Upon expiry of the applicable retention period, data is securely deleted or anonymised.

7. Security

We implement reasonable technical and organisational security measures to protect your personal data, including HTTPS encryption, CSRF protection on all forms, rate limiting on form submissions, and access controls on administrative systems.

However, no method of transmission over the internet is 100% secure. We cannot guarantee absolute security and are not liable for breaches caused by events beyond our reasonable control.

In the event of a personal data breach that is likely to result in risk to your rights and freedoms, we will notify affected individuals as required by applicable law.

8. Your Rights

Under applicable Indian data protection law, you have the right to:

  • Access: Request a copy of the personal data we hold about you.
  • Correction: Request correction of inaccurate or incomplete data.
  • Deletion: Request deletion of your data, subject to legal retention obligations.
  • Withdrawal of Consent: Withdraw consent for communications or non-essential data processing at any time.
  • Grievance Redressal: Lodge a complaint with our Grievance Officer (see Section 11).

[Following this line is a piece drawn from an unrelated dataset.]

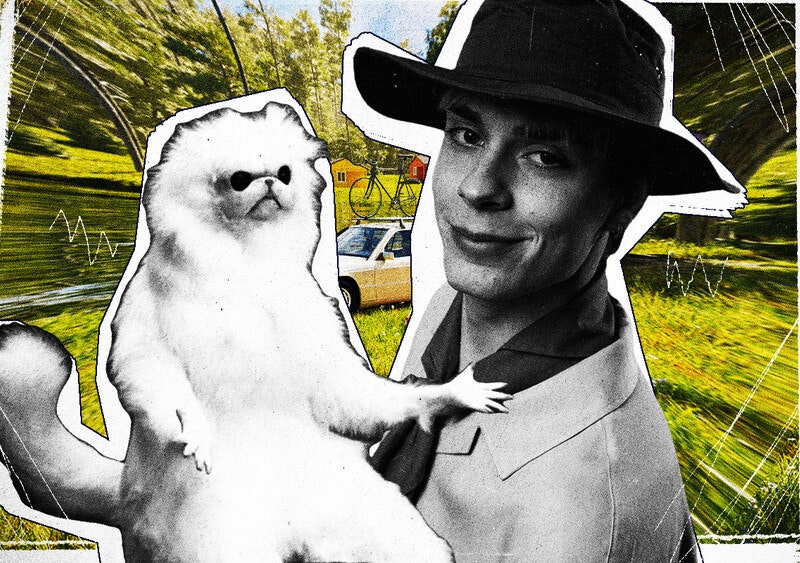 Przez Kinniego Zimmera jesteśmy bezradni jak popularny kot z mema (RECENZJA)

To exercise any of these rights, email us at privacy@gudsky.org. We will respond within 30 days.

9. Children's Privacy

Our services are intended for individuals aged 16 years and above. We do not knowingly collect personal data from children under 16 without verifiable parental consent. If we become aware that we have collected data from a child under 16 without appropriate consent, we will delete it promptly.

10. Changes to This Policy

We may update this Privacy Policy from time to time. When we do, we will revise the "Last updated" date at the top of this page. For significant changes, we will notify registered users by email. Your continued use of the Site after the posting of changes constitutes your acceptance of the revised Policy.

11. Grievance Officer

In accordance with Rule 5(9) of the Information Technology (Reasonable Security Practices and Procedures and Sensitive Personal Data or Information) Rules, 2011, and the Information Technology (Intermediary Guidelines and Digital Media Ethics Code) Rules, 2021, Gudsky Research Foundation has designated a Grievance Officer to address complaints and concerns regarding personal data and site content.

Grievance Officer
Grievance Officer — Gudsky Research Foundation
Email: grievance@gudsky.org
Postal: Gudsky Research Foundation, India

Complaints will be acknowledged within 24 hours and resolved within 15 days of receipt, as required by applicable law.

If you are not satisfied with the resolution provided by the Grievance Officer, you may approach the appropriate regulatory authority under Indian law.